Integrate Glean with Astra DB Serverless

query_builder 30 min

With the Glean platform integration, you can use information from Astra DB Serverless databases as a datasource for your Glean searches.

To do this, you use the Data API to push data from Astra DB through the Glean Indexing API to a custom datasource in Glean.

Use this integration if you need to query your Astra DB data alongside your other Glean datasources. This is recommended for use cases where your Astra DB data contains human-readable information that you want users to find in Glean search results. This integration is best for non-vector data, such as non-vector CSV data, that you can’t ingest through other Glean datasources.

You can build and run a script locally or use this guide’s Colab notebook.

For a complete script example, including the Prepare Glean and Prepare Astra DB steps, see the mini-demo-astradb-glean GitHub repository.

Prerequisites

This integration requires the following:

Prepare Astra DB

  1. If you don’t already have one, create a Serverless (Vector) database.

  2. Generate an application token with the Database Administrator role, and then get your database’s API endpoint in the form of https://DATABASE_ID-REGION.apps.astra.datastax.com. For more information, see Generate an application token for a database.

  3. Set the Astra DB environment variables for your integration script:

    .env
    ASTRA_DB_APPLICATION_TOKEN=TOKEN
    ASTRA_DB_API_ENDPOINT=API_ENDPOINT
    ASTRA_DB_COLLECTION_NAME=COLLECTION_NAME
    ASTRA_DB_KEYSPACE="default_keyspace"  # Optional

    Replace the following:

    • The TOKEN and API_ENDPOINT are the application token and API endpoint that you retrieved in the previous step.

    • The COLLECTION_NAME is the name of the collection in your database where you will store the data you want to push to Glean. This can be the name of an existing collection or a collection that you will create in the next step.

    • The keyspace can be left unspecified to use the Data API default value.

  4. Create a collection in your database or use an existing collection. Make sure the collection’s name matches your ASTRA_DB_COLLECTION_NAME environment variable.

    The Data API requires a collection in a Serverless (Vector) database. Both vector and non-vector data can be saved in collections.

    The integration script shown on this page creates a collection and populates the collection with sample data. Adjust the script to use an existing collection if you desire.

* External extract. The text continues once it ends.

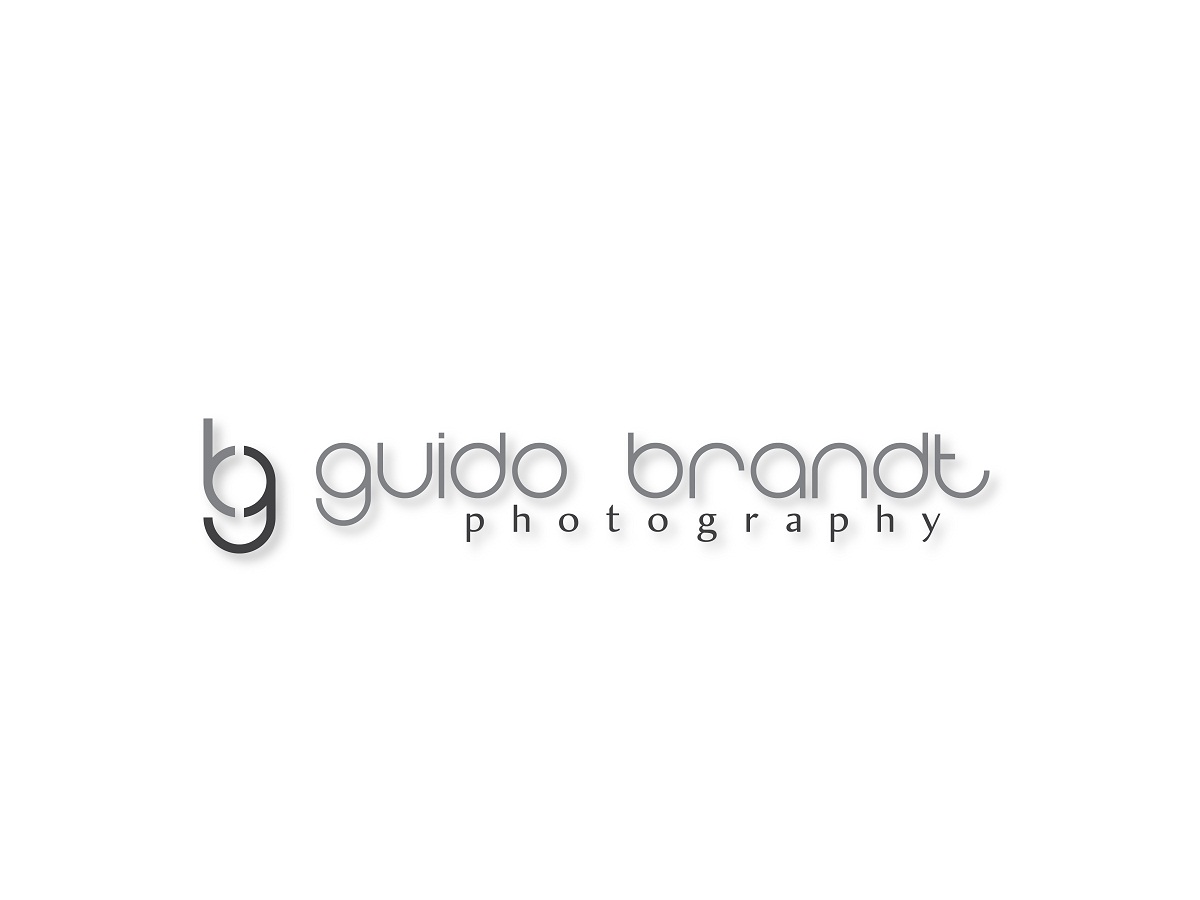 Logo Design by graphycode for Guido Brandt Photography | Design #3247152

    Example: Replace collection creation

    In order to read from an existing collection, replace the following part of the script:

    # Create collection
    source_collection = database.create_collection(ASTRA_DB_COLLECTION_NAME)
    print(
        f"{Fore.CYAN}[ OK ] - Collection {Style.RESET_ALL}{source_collection.name}"
        f"{Fore.CYAN} is ready{Style.RESET_ALL}{Fore.CYAN}."
    )

    with this:

    # Get an existing collection
    source_collection = database.get_collection(ASTRA_DB_COLLECTION_NAME)
    print(
        f"{Fore.CYAN}[ OK ] - Collection {Style.RESET_ALL}{source_collection.name}"
        f"{Fore.CYAN} is ready{Style.RESET_ALL}{Fore.CYAN}."
    )
  5. Insert data that you want Glean to index. This can be vector or non-vector data.

    If your collection contains vector data, Glean does not differentiate embeddings from other data. In the same way that Glean processes your other datasources, Glean indexes your Astra DB data, including embeddings, as text data.

    In the integration script shown on this page, the collection is populated with sample data from a standard dataset (of philosophical quotes).

Prepare Glean

You must be a Glean administrator to complete some of the following steps. If you are not, ask your Glean administrator for assistance.

  1. Create a Glean custom datasource for your Astra DB Serverless database and give it a distinctive name. You can do so by creating a custom app, or use the Indexing API /adddatasource endpoint.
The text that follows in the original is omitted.